(Saved entries)

=== Begin Enclosure ===

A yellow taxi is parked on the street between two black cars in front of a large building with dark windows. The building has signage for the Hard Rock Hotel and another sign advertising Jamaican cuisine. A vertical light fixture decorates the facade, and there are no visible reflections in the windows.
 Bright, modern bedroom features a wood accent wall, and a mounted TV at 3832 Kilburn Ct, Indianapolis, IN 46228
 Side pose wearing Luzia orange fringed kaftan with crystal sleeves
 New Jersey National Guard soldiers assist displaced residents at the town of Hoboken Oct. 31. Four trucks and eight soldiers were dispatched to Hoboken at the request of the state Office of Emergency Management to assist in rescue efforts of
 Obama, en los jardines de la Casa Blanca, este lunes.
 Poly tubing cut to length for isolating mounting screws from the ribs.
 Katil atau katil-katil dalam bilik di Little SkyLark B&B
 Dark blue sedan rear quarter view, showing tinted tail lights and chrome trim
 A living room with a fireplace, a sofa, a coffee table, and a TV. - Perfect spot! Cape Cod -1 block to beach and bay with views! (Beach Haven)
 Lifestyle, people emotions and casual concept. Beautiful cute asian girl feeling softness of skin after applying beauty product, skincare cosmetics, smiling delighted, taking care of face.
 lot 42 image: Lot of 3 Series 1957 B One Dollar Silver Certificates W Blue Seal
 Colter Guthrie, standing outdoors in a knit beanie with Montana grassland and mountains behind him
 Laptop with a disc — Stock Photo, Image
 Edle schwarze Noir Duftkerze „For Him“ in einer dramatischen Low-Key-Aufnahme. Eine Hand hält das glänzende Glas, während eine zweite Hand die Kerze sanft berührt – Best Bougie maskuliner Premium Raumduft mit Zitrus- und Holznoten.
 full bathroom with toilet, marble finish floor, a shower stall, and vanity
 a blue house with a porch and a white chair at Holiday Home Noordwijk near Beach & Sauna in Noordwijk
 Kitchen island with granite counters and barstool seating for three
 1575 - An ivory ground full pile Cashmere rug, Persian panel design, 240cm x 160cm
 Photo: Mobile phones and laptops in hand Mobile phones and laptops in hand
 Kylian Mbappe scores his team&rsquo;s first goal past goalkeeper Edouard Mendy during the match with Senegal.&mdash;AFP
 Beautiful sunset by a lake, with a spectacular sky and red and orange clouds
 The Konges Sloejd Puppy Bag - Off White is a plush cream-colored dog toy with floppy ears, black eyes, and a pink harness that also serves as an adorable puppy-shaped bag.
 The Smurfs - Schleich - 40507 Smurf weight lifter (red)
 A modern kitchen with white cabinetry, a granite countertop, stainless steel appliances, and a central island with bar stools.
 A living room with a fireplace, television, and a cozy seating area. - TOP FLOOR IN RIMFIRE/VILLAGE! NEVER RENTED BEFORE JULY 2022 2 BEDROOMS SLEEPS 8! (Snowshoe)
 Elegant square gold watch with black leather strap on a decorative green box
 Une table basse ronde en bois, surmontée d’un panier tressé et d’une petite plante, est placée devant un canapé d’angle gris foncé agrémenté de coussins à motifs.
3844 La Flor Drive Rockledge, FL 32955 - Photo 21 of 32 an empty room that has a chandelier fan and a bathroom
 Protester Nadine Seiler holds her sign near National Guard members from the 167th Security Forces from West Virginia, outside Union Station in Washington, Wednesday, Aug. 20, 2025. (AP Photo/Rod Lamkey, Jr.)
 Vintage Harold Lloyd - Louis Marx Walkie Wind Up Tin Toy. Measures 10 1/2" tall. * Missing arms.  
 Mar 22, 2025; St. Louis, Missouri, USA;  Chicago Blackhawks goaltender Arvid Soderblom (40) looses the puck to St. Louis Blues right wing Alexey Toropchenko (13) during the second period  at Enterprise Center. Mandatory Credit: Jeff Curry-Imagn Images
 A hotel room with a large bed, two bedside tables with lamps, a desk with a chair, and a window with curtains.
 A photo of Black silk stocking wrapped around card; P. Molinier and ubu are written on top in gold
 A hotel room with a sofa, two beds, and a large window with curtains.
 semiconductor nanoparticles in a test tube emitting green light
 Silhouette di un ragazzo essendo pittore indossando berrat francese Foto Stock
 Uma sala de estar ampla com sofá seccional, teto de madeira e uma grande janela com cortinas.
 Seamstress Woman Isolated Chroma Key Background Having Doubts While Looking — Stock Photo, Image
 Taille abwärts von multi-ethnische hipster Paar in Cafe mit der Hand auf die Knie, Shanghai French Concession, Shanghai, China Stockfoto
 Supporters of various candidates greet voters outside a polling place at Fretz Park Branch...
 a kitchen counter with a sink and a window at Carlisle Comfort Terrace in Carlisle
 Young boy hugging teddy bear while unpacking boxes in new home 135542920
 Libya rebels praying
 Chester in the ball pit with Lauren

=== End Enclosure ===

WHAT THIS TASK INVOLVES:
From the records above, transcribe without alteration every line from the one with "Edle schwarze Noir" to the one with "A modern kitchen", inclusive.

SOLUTION TO THIS PROBLEM:
 Edle schwarze Noir Duftkerze „For Him“ in einer dramatischen Low-Key-Aufnahme. Eine Hand hält das glänzende Glas, während eine zweite Hand die Kerze sanft berührt – Best Bougie maskuliner Premium Raumduft mit Zitrus- und Holznoten.
 full bathroom with toilet, marble finish floor, a shower stall, and vanity
 a blue house with a porch and a white chair at Holiday Home Noordwijk near Beach & Sauna in Noordwijk
 Kitchen island with granite counters and barstool seating for three
 1575 - An ivory ground full pile Cashmere rug, Persian panel design, 240cm x 160cm
 Photo: Mobile phones and laptops in hand Mobile phones and laptops in hand
 Kylian Mbappe scores his team&rsquo;s first goal past goalkeeper Edouard Mendy during the match with Senegal.&mdash;AFP
 Beautiful sunset by a lake, with a spectacular sky and red and orange clouds
 The Konges Sloejd Puppy Bag - Off White is a plush cream-colored dog toy with floppy ears, black eyes, and a pink harness that also serves as an adorable puppy-shaped bag.
 The Smurfs - Schleich - 40507 Smurf weight lifter (red)
 A modern kitchen with white cabinetry, a granite countertop, stainless steel appliances, and a central island with bar stools.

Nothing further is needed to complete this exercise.